## ASSIGNMENT:
A word-for-word retyping of the listing below is required, with the pictures dropped.

*** Opening RECORDS PROVIDED ***

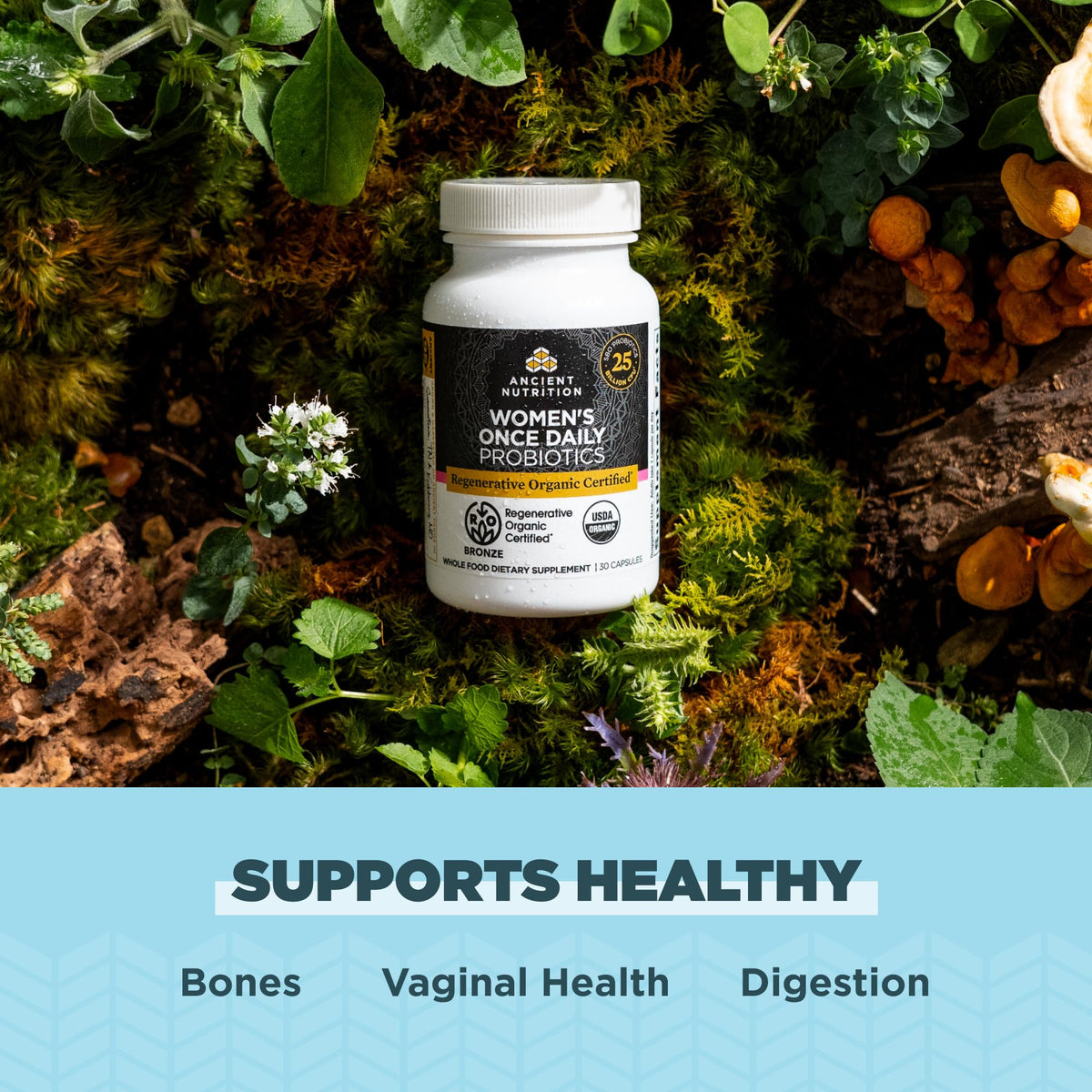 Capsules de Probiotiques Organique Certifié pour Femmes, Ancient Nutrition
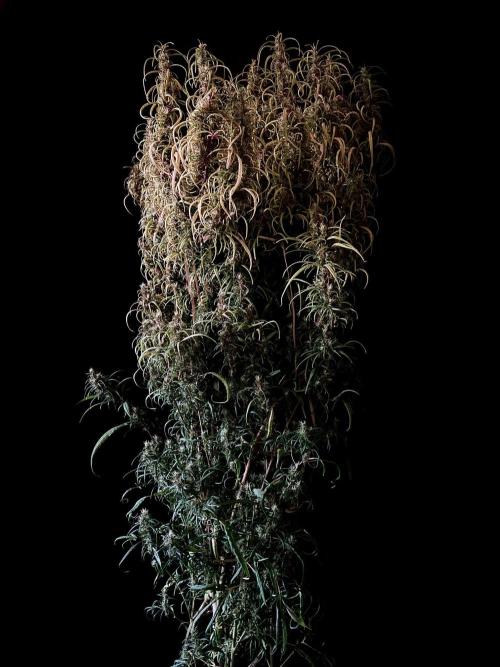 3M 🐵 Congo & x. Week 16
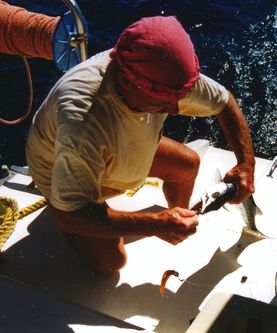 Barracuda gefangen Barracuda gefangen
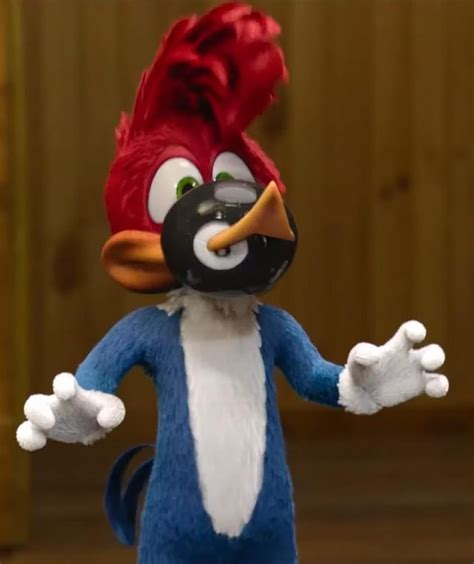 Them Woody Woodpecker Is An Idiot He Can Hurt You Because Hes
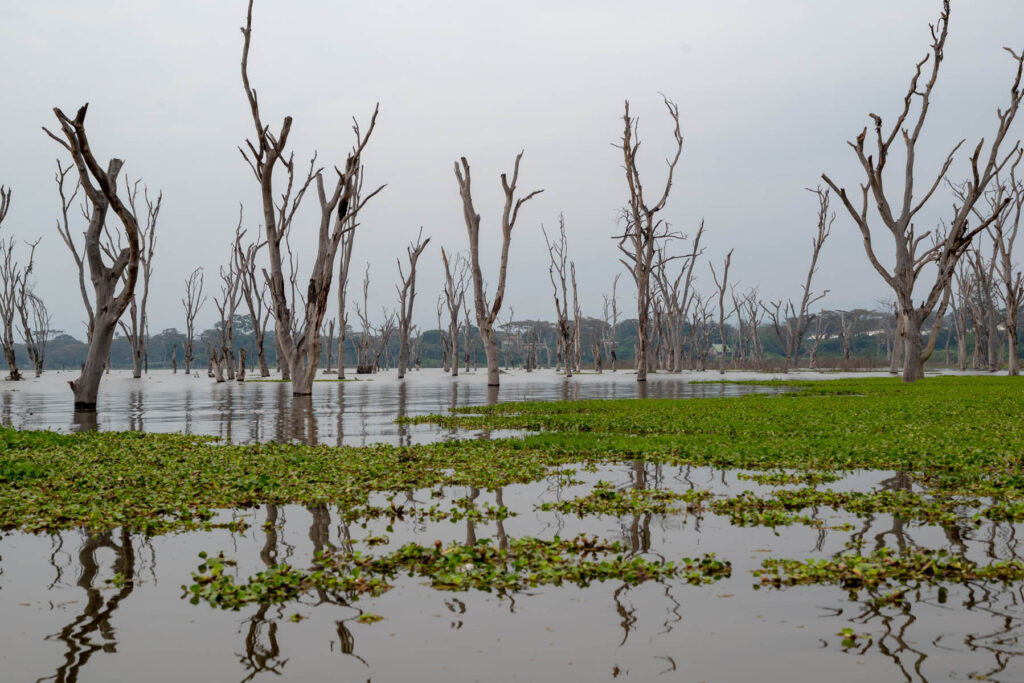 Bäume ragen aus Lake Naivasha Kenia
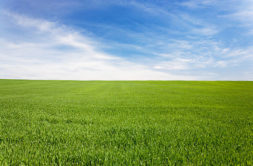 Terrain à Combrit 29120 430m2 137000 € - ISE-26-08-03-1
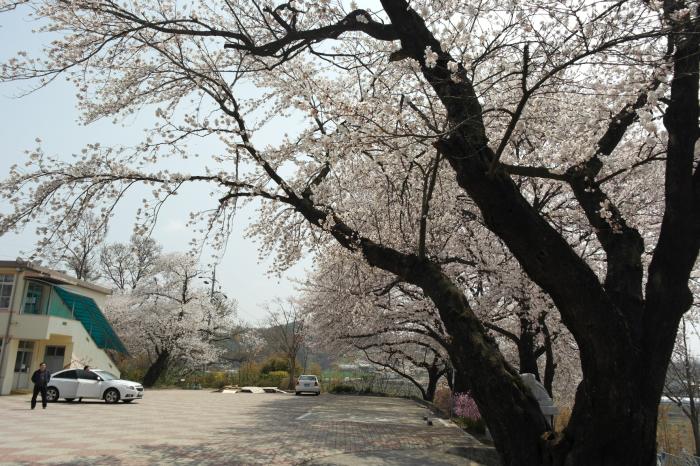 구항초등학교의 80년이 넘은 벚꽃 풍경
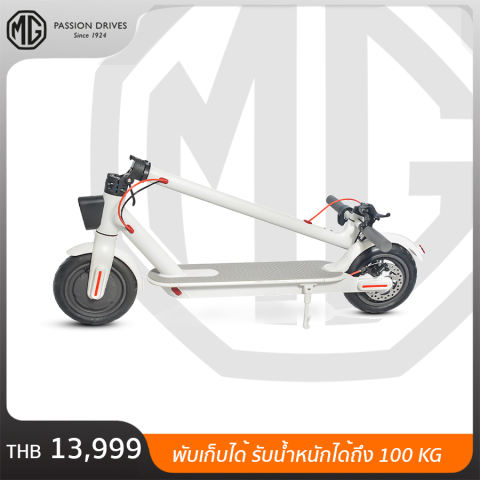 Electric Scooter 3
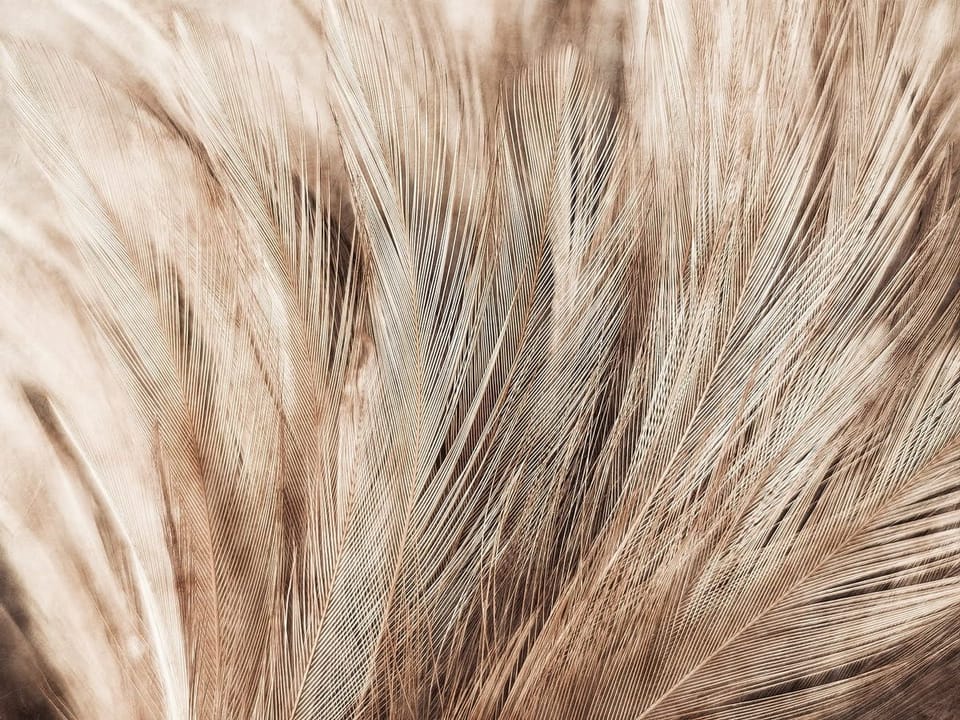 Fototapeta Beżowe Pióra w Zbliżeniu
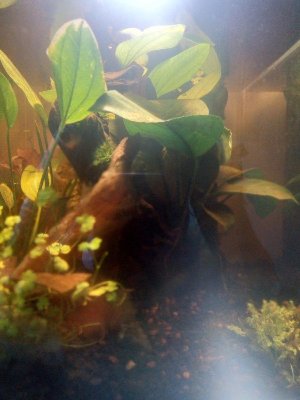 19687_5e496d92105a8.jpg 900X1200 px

*** Closing RECORDS PROVIDED ***

## EXPECTED OUTPUT:
 Capsules de Probiotiques Organique Certifié pour Femmes, Ancient Nutrition
 3M 🐵 Congo & x. Week 16
 Barracuda gefangen Barracuda gefangen
 Them Woody Woodpecker Is An Idiot He Can Hurt You Because Hes
 Bäume ragen aus Lake Naivasha Kenia
 Terrain à Combrit 29120 430m2 137000 € - ISE-26-08-03-1
 구항초등학교의 80년이 넘은 벚꽃 풍경
 Electric Scooter 3
 Fototapeta Beżowe Pióra w Zbliżeniu
 19687_5e496d92105a8.jpg 900X1200 px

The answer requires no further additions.